I did my senior honors thesis way back in 1980 on this topic. I was a Government major with additional Urban Studies and Public Policy certificates. My thesis took the, at the time, unpopular position in the academic world that market forces we label "gentrification" were a very necessary and efficient part of urban renewal and revitalization, badly needed in the wake of 'white flight' in the '60's and early '70's. My professors in the Urban Studies dept were a bit horrified by my pro-capitalism approach to the question. At the time, remedies like rent control were in vogue (a disastrous program of good intentions gone awry).

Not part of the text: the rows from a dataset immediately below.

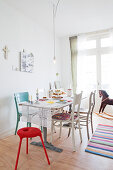 Various chairs around set table in light-flooded dining room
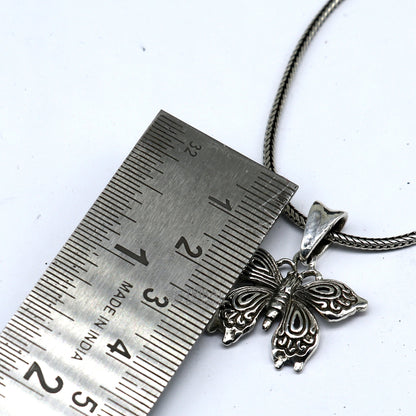 Sterling silver butterfly pendant with bird design, unisex handmade jewelry by Tribal Ornaments, delicate silver necklace accessory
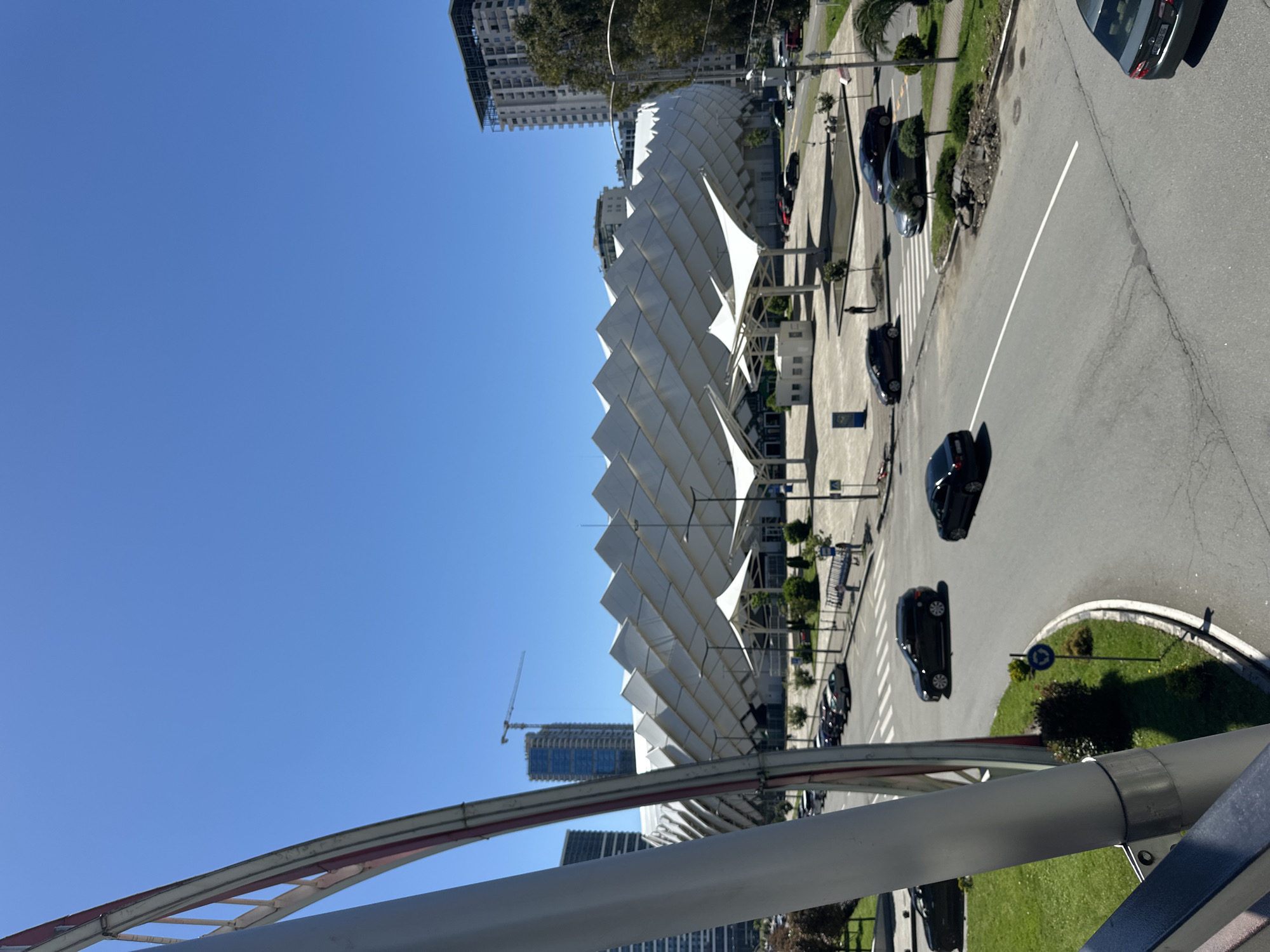 The image shows a view of Batumi, Georgia, with a distinctive white, geometrically patterned structure dominating the scene. The structure is accompanied by a series of white tensile canopies supported by metal frames. A road with parked cars and crosswalks runs alongside this structure. In the background, several high-rise buildings are visible, including one under construction with a crane. A clear blue sky occupies much of the upper part of the image. The shot appears to be taken from an elevated position, possibly a bridge, with part of the bridge's structure visible in the foreground. The composition and perspective suggest an urban setting.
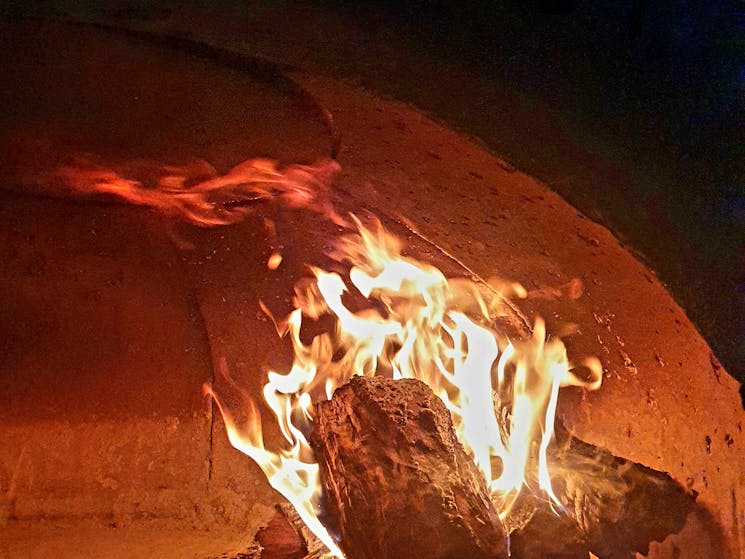 Flaming wood in a woodfired oven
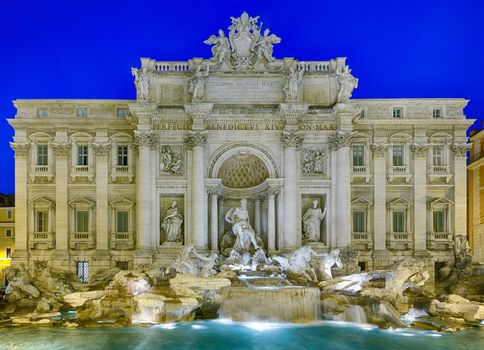 Night time floodlit details of statues in Trevi fountain in Rome Italy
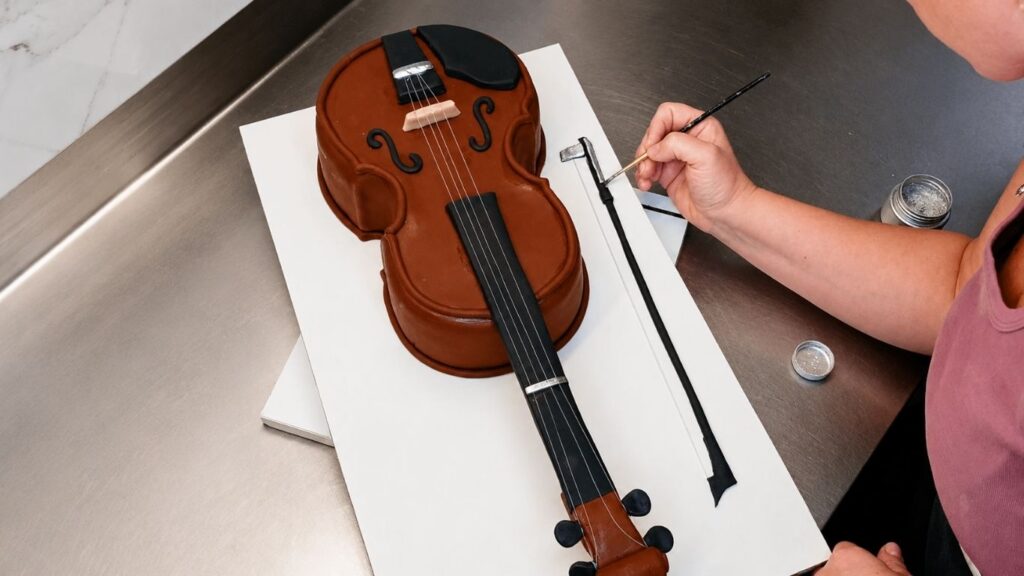 Painting the violin cake details to enhance the realistic 3D design and finished instrument look.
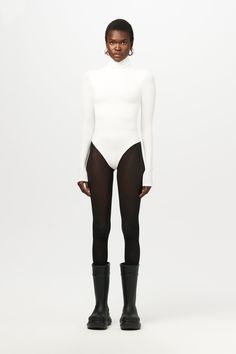 Our classic Fall and Winter bodysuit has arrived in a turtleneck design, long fitted sleeves and a bodycon finish. Thong cut in the back with snap closures down below. Pair this with your favorite bottoms to create casual or dressed up fits. Xx NW Collection Import 95% Polyester, 5% Spandex Model wears size X-Small in Black True to size This bodysuit is double-lined All Bodysuits Are Final Sale Fitted Sleek Turtleneck Bodysuit, Turtleneck Second-skin Bodysuit, Black High Neck Second-skin Bodysuit, Sleek High-stretch Bodysuit With Thumbholes, Second-skin Turtleneck Bodysuit With Thumbholes, Turtleneck Bodysuit, Womens Bodysuit, Sleek Fashion, Fashion Games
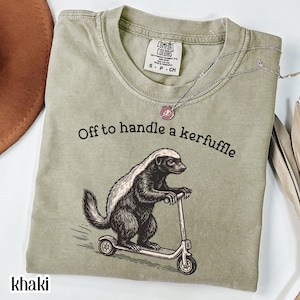 Khaki graphic t-shirt featuring a vintage illustration of a honey badger riding a scooter with the phrase “Off to handle a kerfuffle,” funny honey badger shirt, quirky animal humor tee, whimsical vintage-style artwork, unisex comfort color t-shirt, novelty graphic apparel, unique gift for animal lovers and humor fans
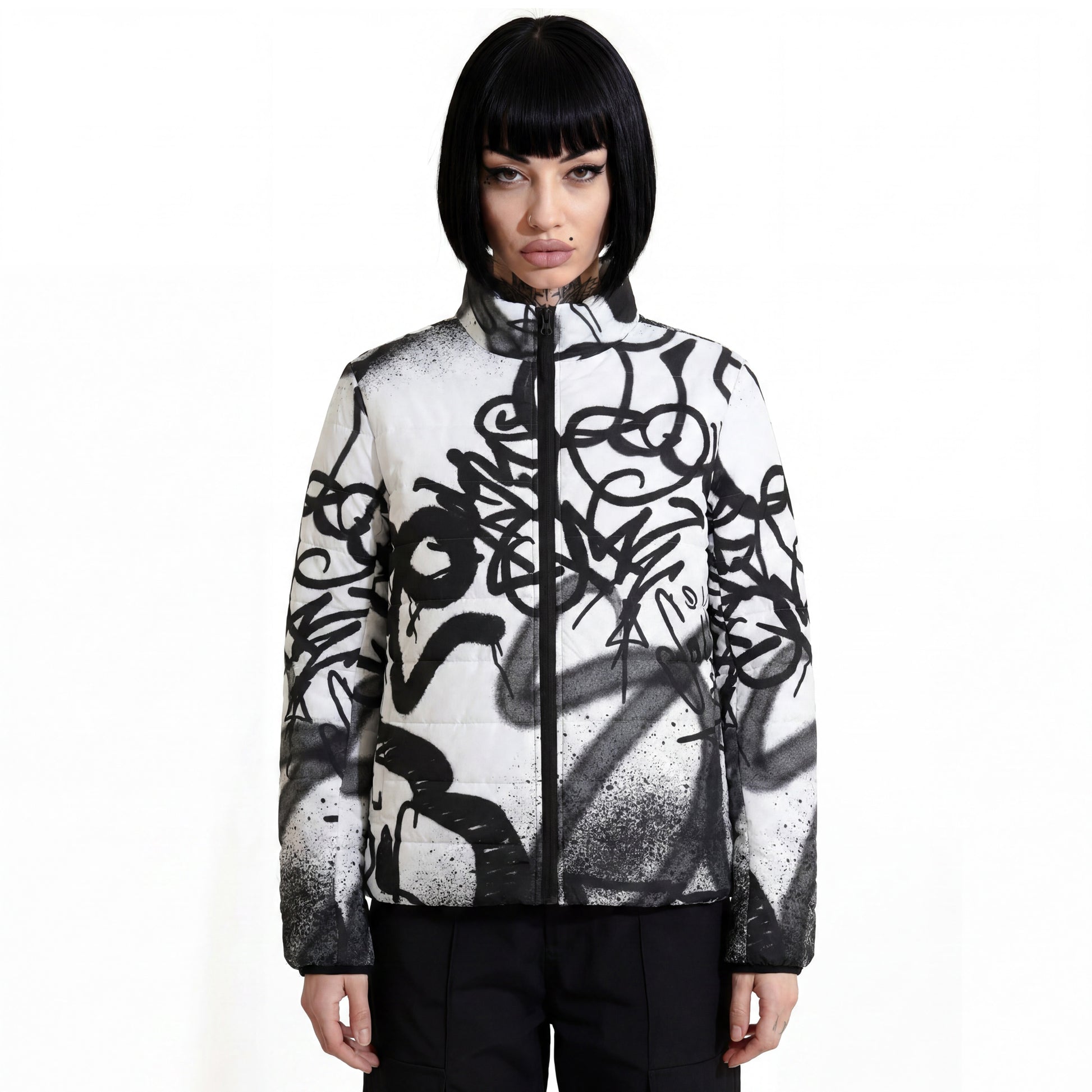 RAVEDRIP Womens Padded Puffer Jacket in white with high-contrast black graffiti spray paint all-over print and full-front nylon zipper, streetwear insulated outerwear worn by alternative female model.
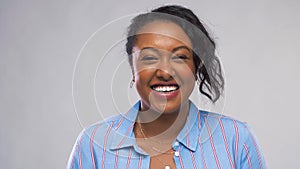 Happy African American woman over grey background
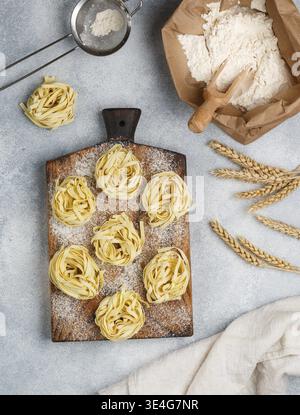 Cibo, tagliatelle. Pasta cruda cruda italiana tradizionale fatta in casa su una tavola di legno su sfondo grigio di cemento. Messa a fuoco selettiva Foto Stock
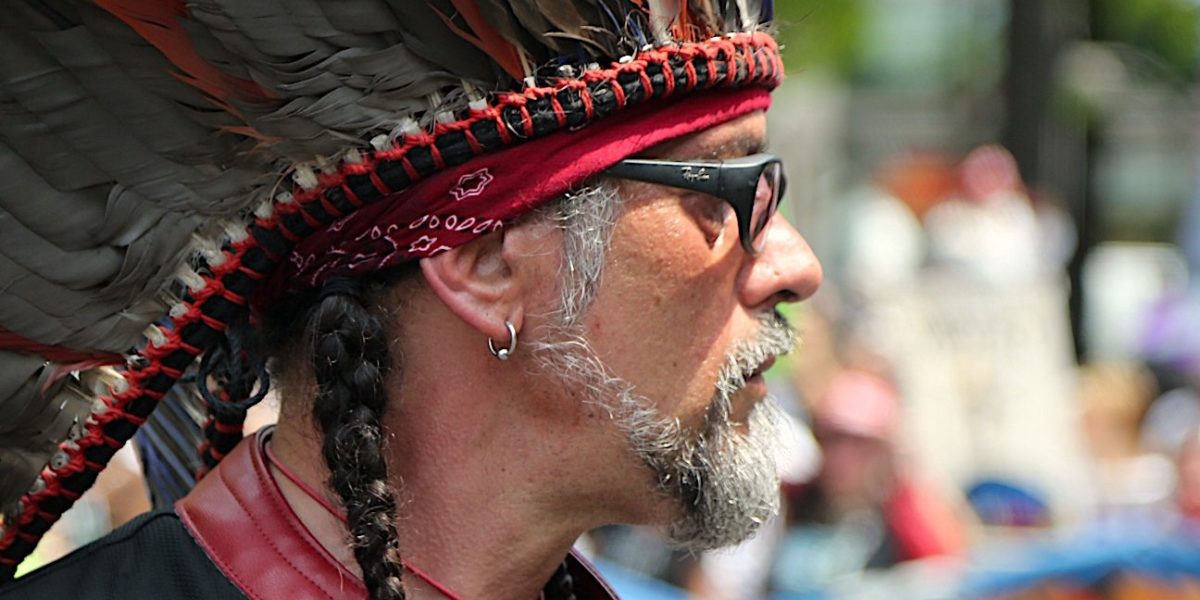 Native amercian protestor with headdress and glasses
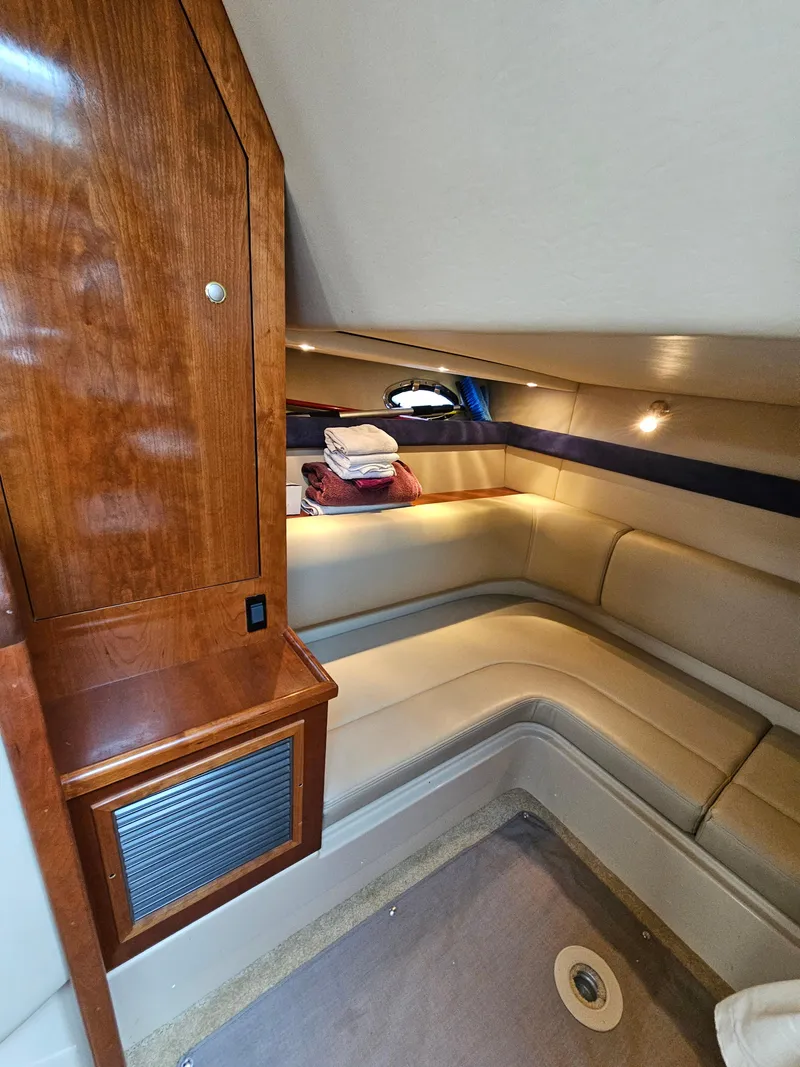 Slide: The Image of 2004 Cruisers Yachts 340 Express cabin interior with cozy seating and wooden cabinetry. - 40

I had worked during an off term in the Dollar House Program in Baltimore, Mayor Schaefer administration, and seen first hand the revitalization of neighborhoods, and resultant increased tax base, through that program. Black families, white families, whatever, were given the opportunity to take on abandoned homes with a commitment to invest their sweat and dollars and then live in the homes no less than 5 years. Otterbein, Federal Hill, Canton...all sparked by that program.
I argued that cities need a constant turnover of people and capital in order to maintain their vitality and tax base. Healthy neighborhoods are in a constant state of flux and turnover in which their population does not decrease nor lessen in economic means. However, various traumas can disrupt neighborhoods and near entire cities, whether the loss of the largest employers or race riots or other factors, and a neighborhood or city as a collection of such can 'tip' into decline. The loss of tax base leads to degradation of services like school, health, police, etc. Further flight.
Conversely, public policies can encourage the trends in the reverse direction, leading to a tipping point at which market forces take over.
Which is not to say that this process of turnover does not cause potential disruption and 'displacement'. Sound public policy addresses these effects proactively, but not with policies that prevent the positive market forces. Ensuring access to more affordable housing, subsidized as necessary for those with less means or the elderly are essential to creating a positive momentum in which the positive effects of revitalization and increased tax base are enjoyed only by the 'gentrifiers'. Social services, employment training, school improvement, policing can all be designed to respect and benefit the least economically capable, and affordable by virtue of the increased tax base.
This is entirely possible to do when the public policy emphasis is on neighborhoods, not tax breaks for major commercial development projects. The latter tend to have grossly disproportionate power in most Mayor's offices (and campaign coffers) versus the dispersion of neighborhood investments. This has nothing to with party or conservative versus liberal social views.
Lots more to say on the topic.
On New Orleans, I don't know enough about the facts to speak authoritatively about their policies and/or lack of policies, but the encouragement of gentrification is not a per se mistake...however, there's apparently a potentially valid critique of how well they've addressed rebuilding of social infrastructure like schools, etc. Racial dynamics can easily get mixed up in this sort of thing.